How to Buy a Gas Grill
Besides price, what separates an ordinary gas grill from a great gas grill? Here are a few points savvy grill shoppers should know.
The Elements of a Gas Grill
The basic underpinnings of a gas grill are really quite simple: First come burners to create heat. Above them you'll find some type of system to disperse the heat from the burners (Flavorizer bars, ceramic briquettes, lava rock, etc.). Above those lie the cooking grates. Let's look under the hood to get a better sense of what you should be looking for.
The Cooking System
Better grills generally have two or more separate burners (not just control knobs) which allow greater control of heat. Most lower-priced grills have only one burner shaped like an H or a bar, some with one control, some with two controls. Grills with one burner don't allow you to control heat as well as grills with multiple burners and may result in hot and cold spots on the cooking surface.

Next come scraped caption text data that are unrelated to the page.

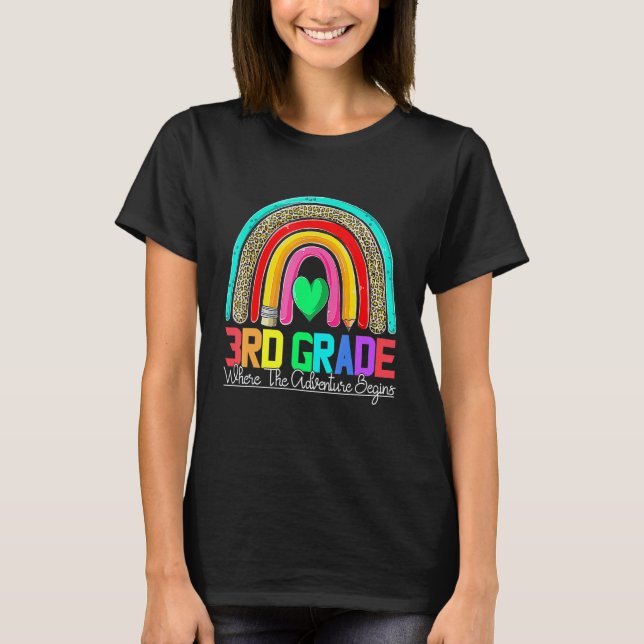 3rd grade rainbow leopard teacher team third grade t shirt (Framsida)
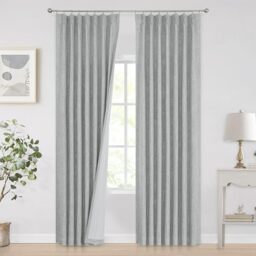 "Vision Home Silver Grey Pinch Pleated Full Blackout Curtains Room Darkening Window Curtains 84 inch for Living Room Bedroom Thermal Insulated Pinch Pleat Drapes with Hooks Back Tab 2 Panel 40"" Wx84 L"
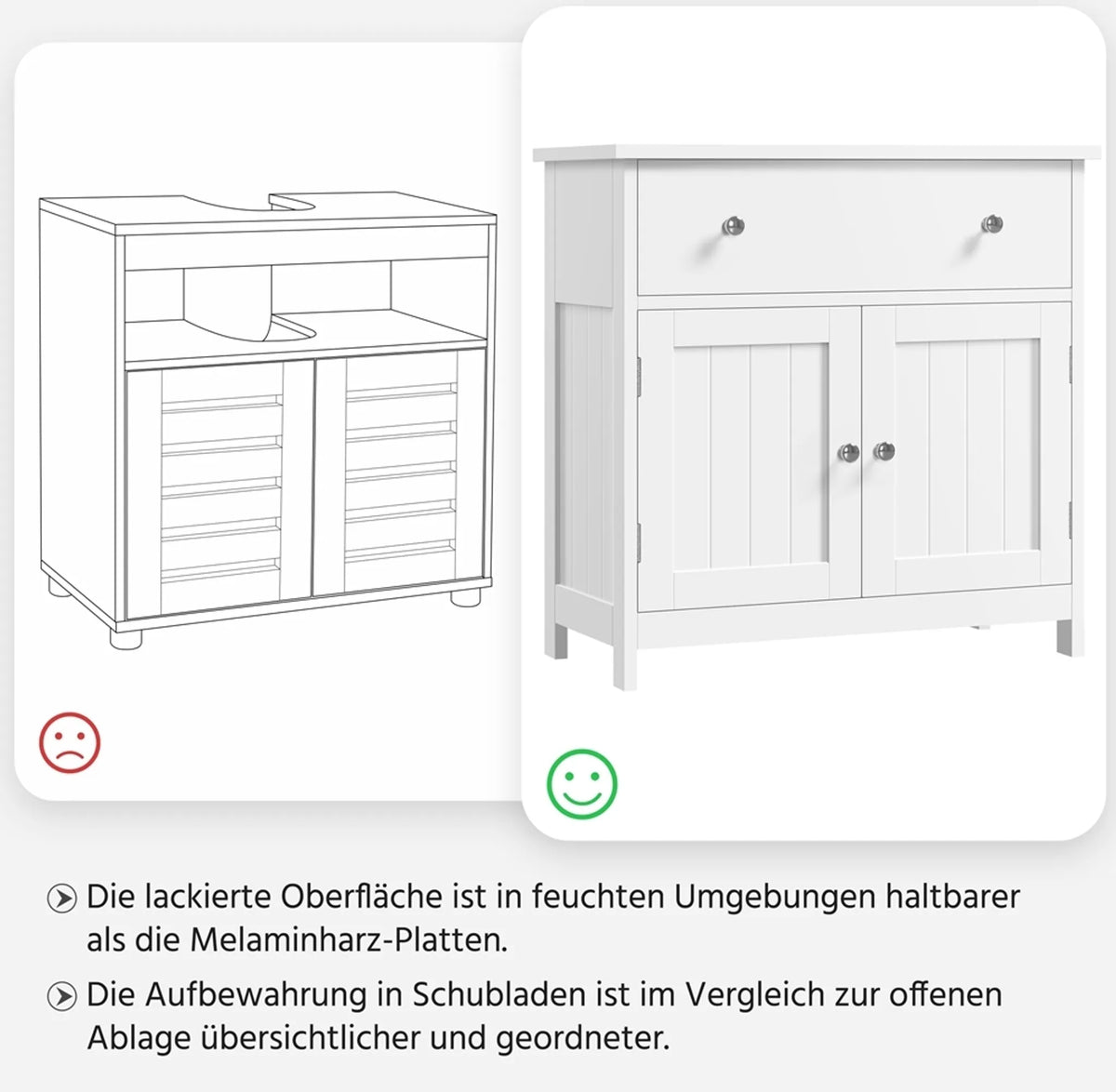 Badezimmerschrank mit Schublade und 2 Türen im Landhausstil, weiß, 60 × 30 × 60 cm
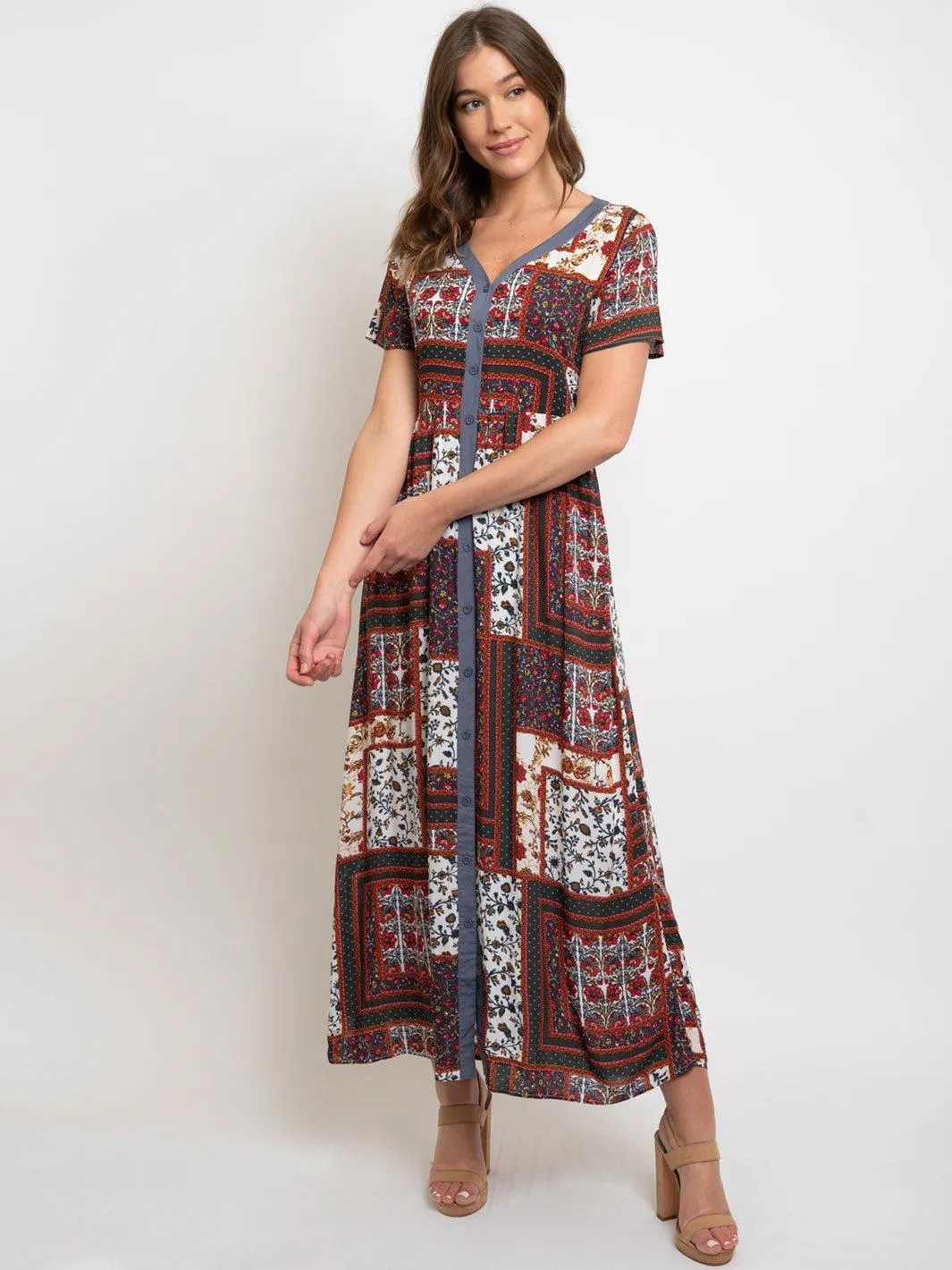 WOMEN'S FLORAL PRINT MAXI DRESS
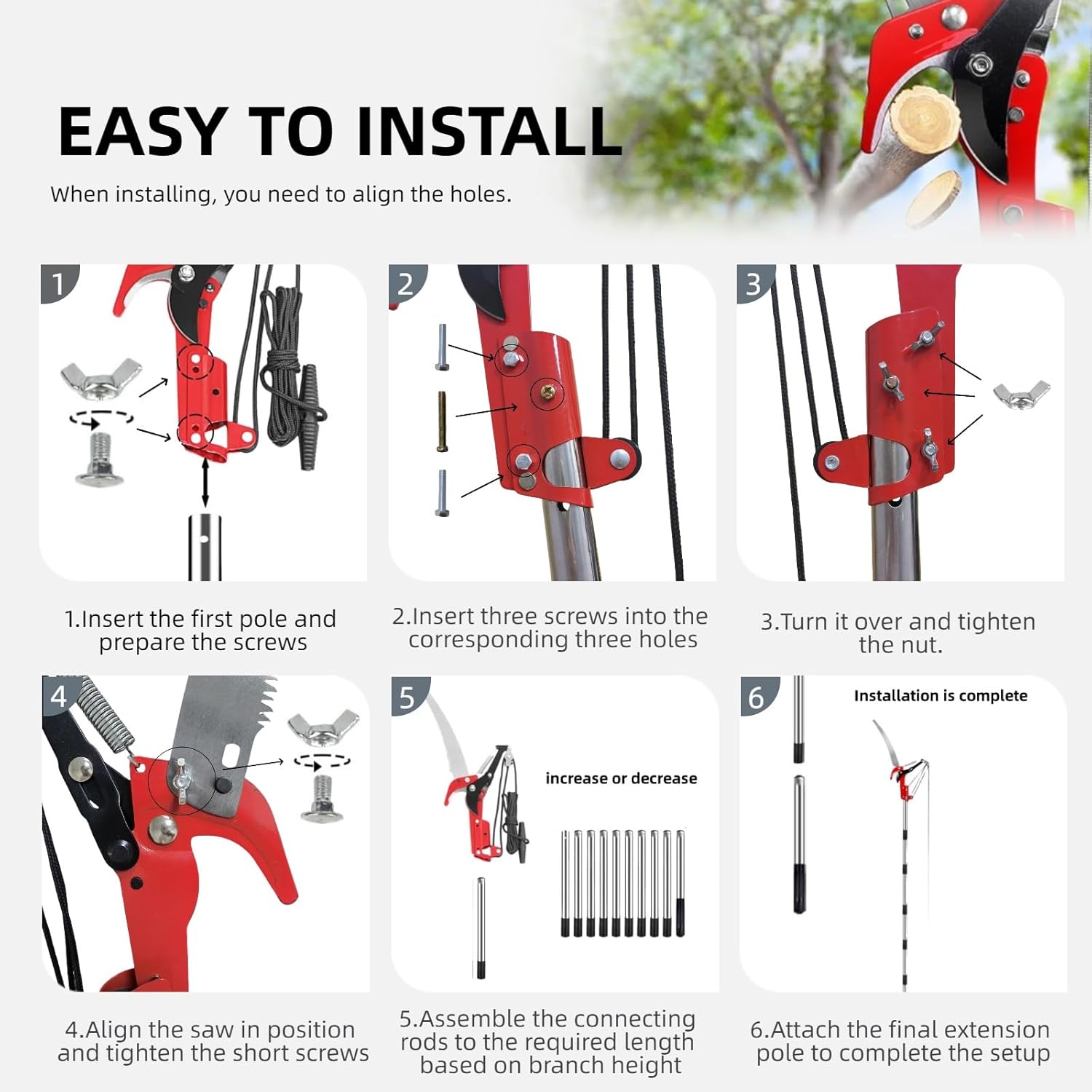 15.7’’ Pole Saws for Tree Trimming - Dual-Pulley Tree Pruner, Tree Trimmers Long Handle Pruner, Manual Pole Saw for Yard & Garden, Gardening Hand Tools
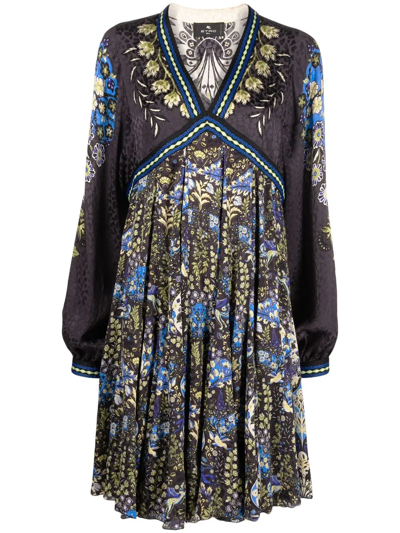Etro Mixed Floral-printed Leopard Satin Jacquard Dress In Black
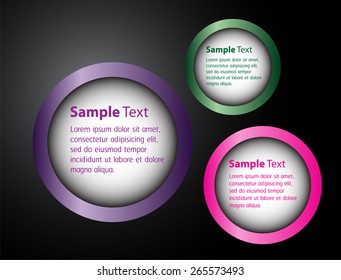 colorful modern circle text box template for website computer graphic and internet, numbers.black background. Brochure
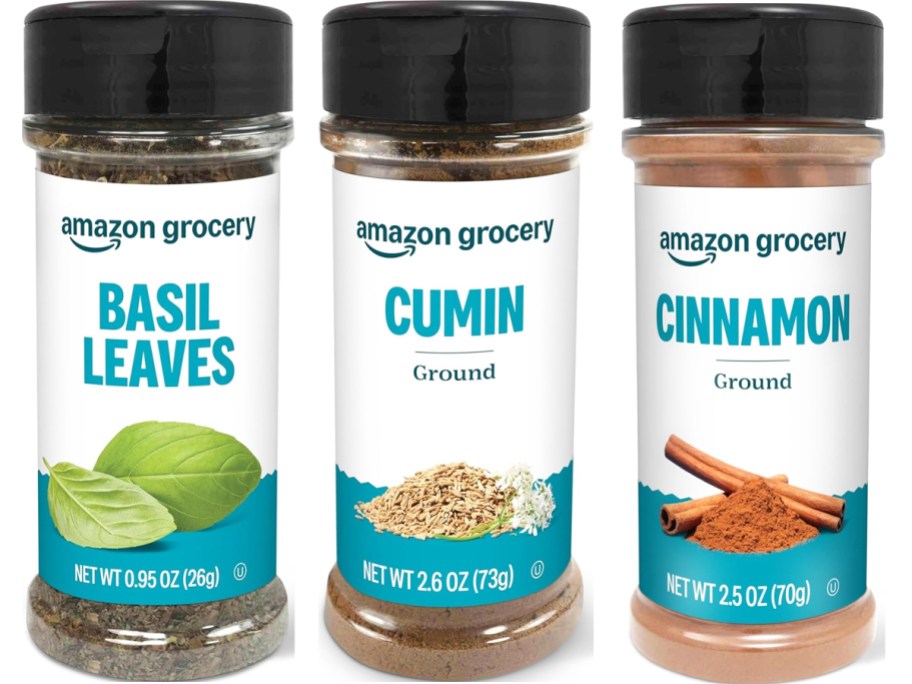 bottles of basil, cumin, and cinnamon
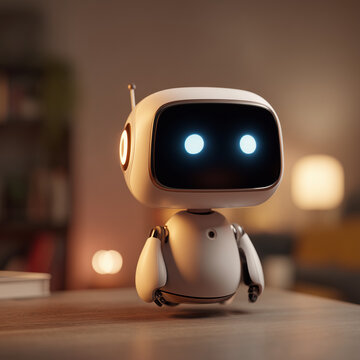 Adorable AI robot with glowing blue eyes and friendly design, perfect for tech concepts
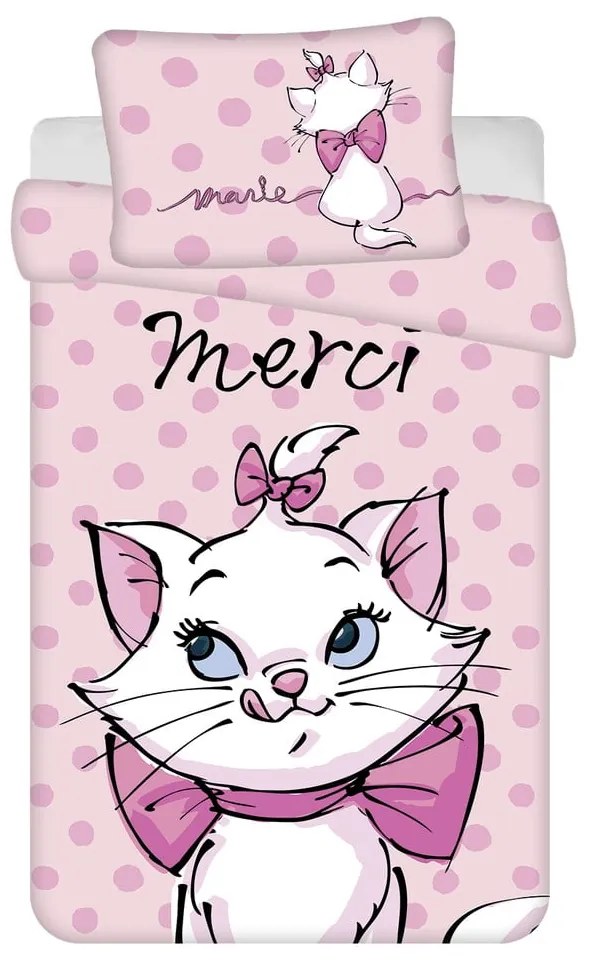 Розово памучно детско спално бельо 100x135 cm Marie Cat "Merci" – Jerry Fabrics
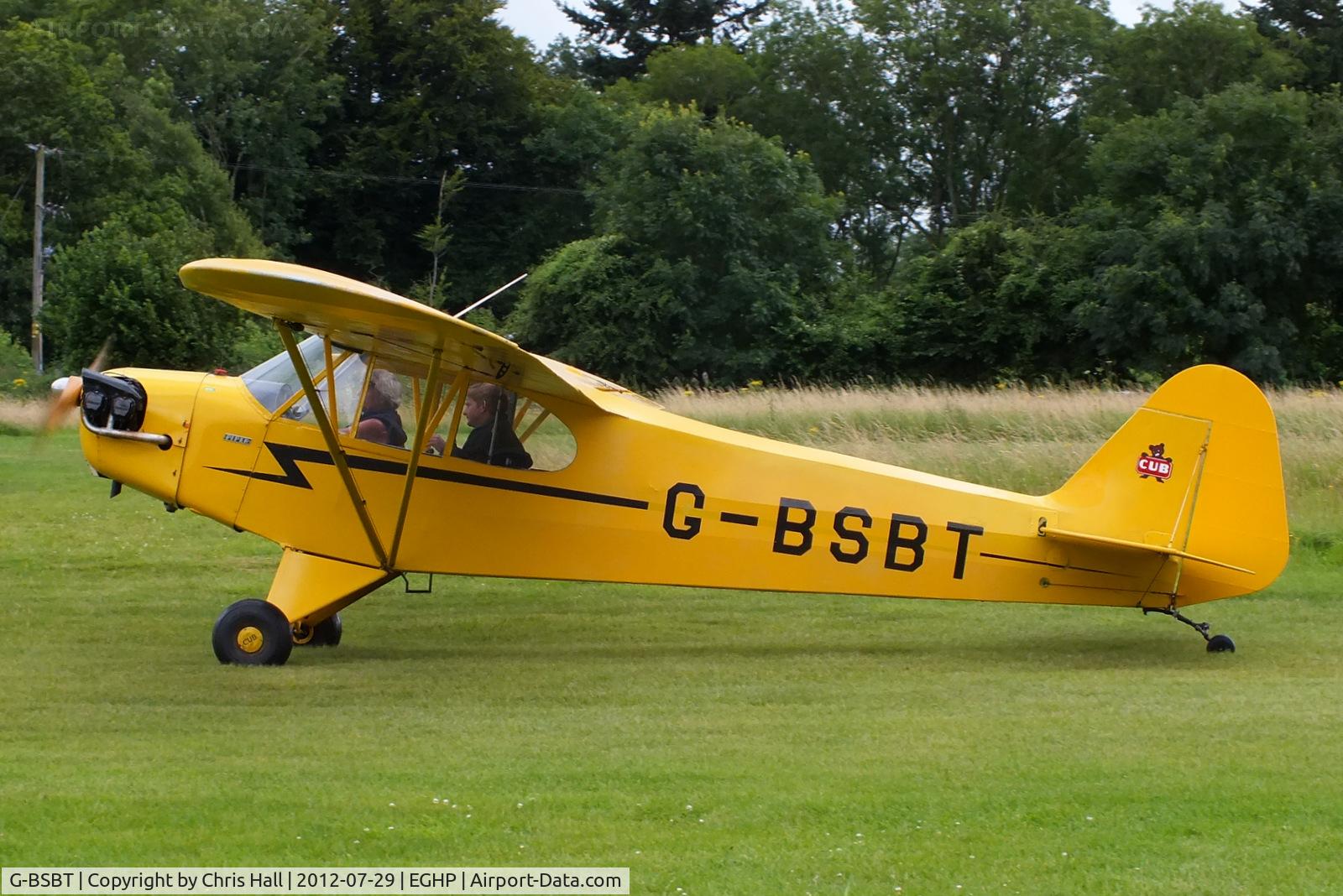 G-BSBT, 1946 Piper J3C-65 Cub Cub C/N 17712, at Popham Airfield, Hampshire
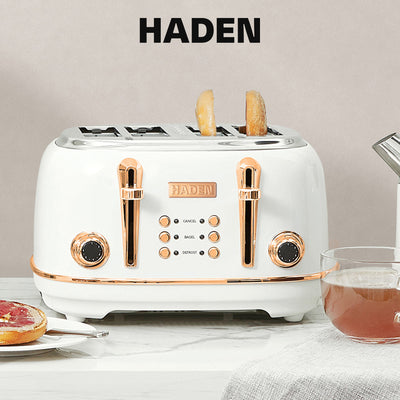 Haden Heritage 4 Slice Wide Slot Toaster w/Crumb Tray, Ivory/Copper (Open Box)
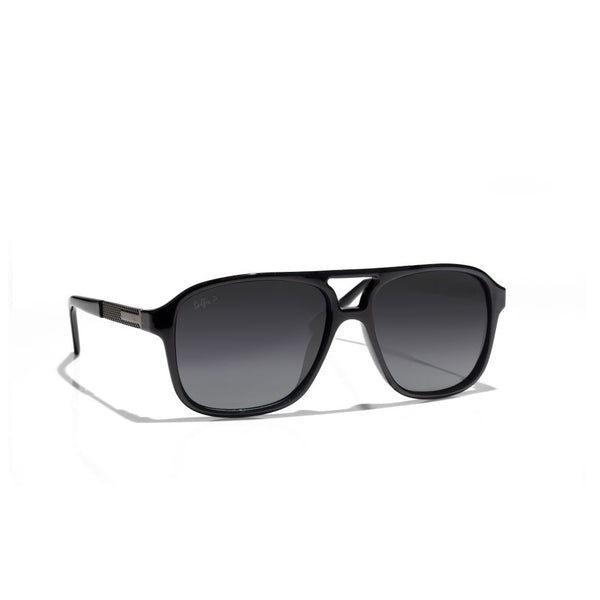 Selfie Polarized Black Lense Shiny Black Frame Sunglasses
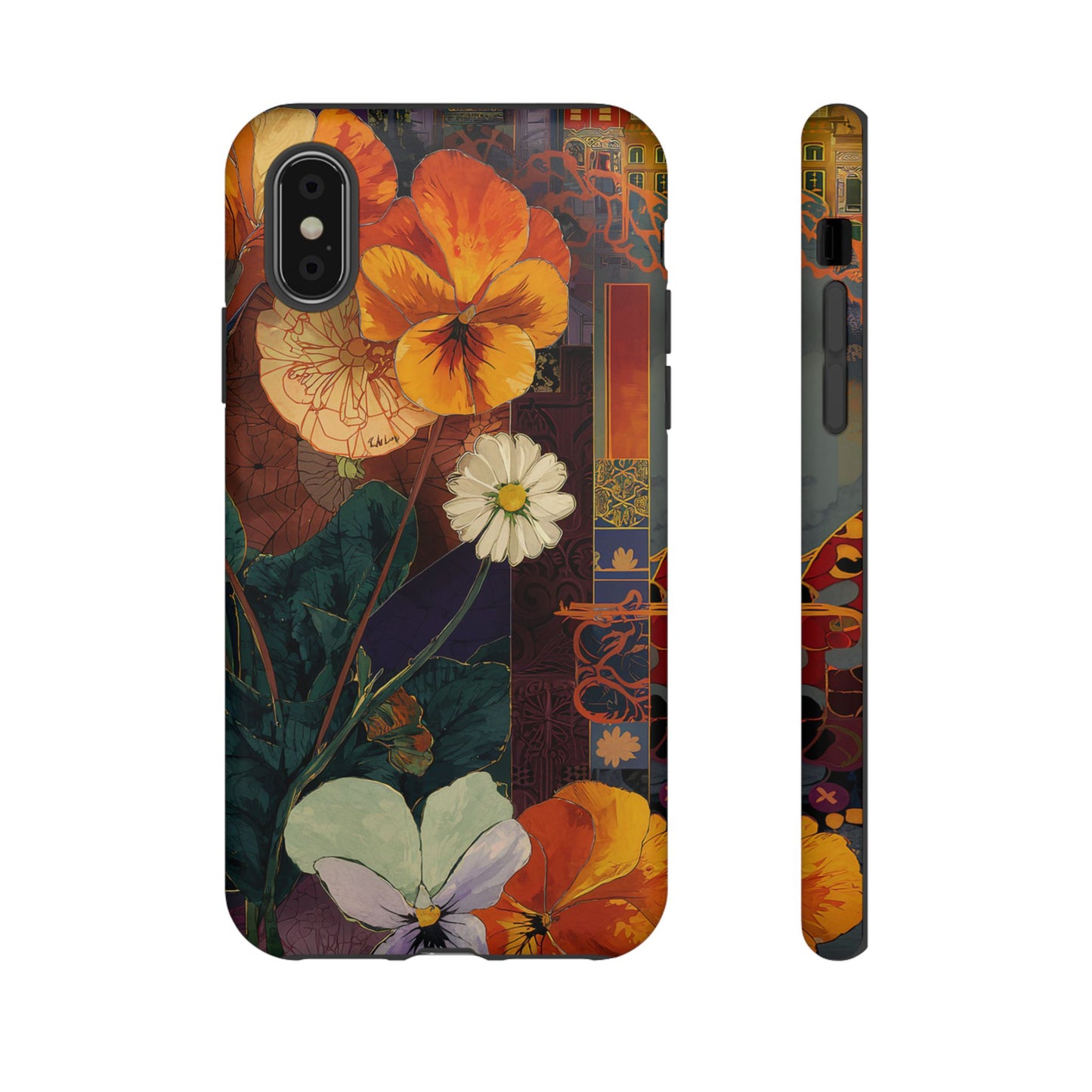 Floral Pansy Tough Phone Case — Vintage Botanical Protection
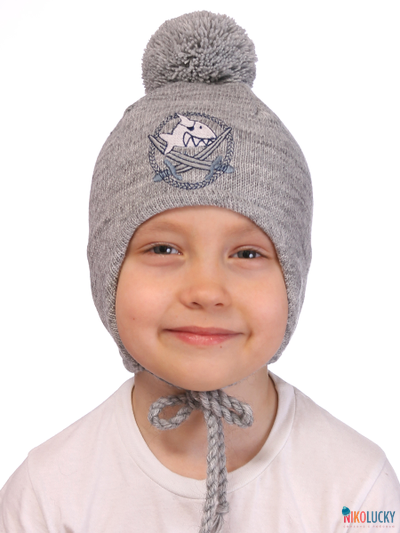 Шапка  м8в17, цвет серый  р. 52-54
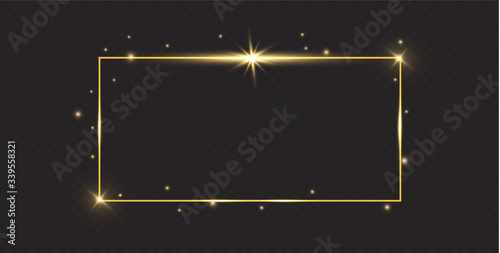Golden frame with lights effects. Shining rectangle banner. Isolated on black transparent background. Vector illustration, eps 10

When cooking on a gas grill, juices from the food drip down and accumulate near the heat source until they reach a flash point and burn off. The best systems quickly flash the drippings, eliminating flare-ups and creating flavorful smoke. Most manufacturers rely on lava rock or ceramic briquettes to distribute the heat from the burners to the cooking surface. Drippings from the food tend to pool in these systems causing undue flare-ups. The best grills use a steel bar system (pioneered by Weber) that funnels the grease away from the burner flames, greatly reducing flare-ups.
BTUs (British Thermal Units)
BTUs are not a measure of cooking power. They indicate the volume of gas a grill can burn. Tightly engineered grills use fewer BTUs and cook food more efficiently. Sometimes less is more. Too many BTUs can cause damage to burners and reduce the life of the grill. In general, large grills with large cooking surfaces require higher BTUs.
A good, well-built grill will feel solid and sturdy; a poorly made grill will wiggle. If a grill isn't solid on the sales floor, chances are it will fall apart rather quickly on the patio or deck. Choose a grill made of high grade U.S. steel. Also opt for a baked-on, porcelain-enamel finish. The cart should be sturdy, wheels should roll easily, and the grill should display a good fit and finish.
Cooking grates are generally made from heavy-duty plated steel or chrome-plated aluminum. A thicker, heavier-gauge cooking grate will last longer and distribute and retain heat better. Grates coated with porcelain enamel are a common step-up feature. The best grates are made of cast iron, stainless steel, or porcelain-coated aluminum or cast iron.
When you buy a barbecue, you want to grill, not drill, so fast and easy assembly is a priority. Some grills require hours (and an engineering degree) to assemble. Better brands reduce or eliminate the amount of assembly required by the consumer.
Service & Maintenance
Top-notch after-market service supports any quality made grill, including thorough, easy-to-read information about the product, and a toll-free service line. A good grill is easy to clean and to maintain, and long-life is assured by easy access to replacement parts and service through a well-established servicing dealer network.
A good grill lights effortlessly, controls heat easily, has handles that stay cool to the touch, and has added safety features.
It makes sense: the best manufacturers can afford to stand behind their products. Don't settle for less than a 10- year warranty.
Optional side burners are great for cooking sauces and other dishes. Flip-up side tables give you extra space for food preparation.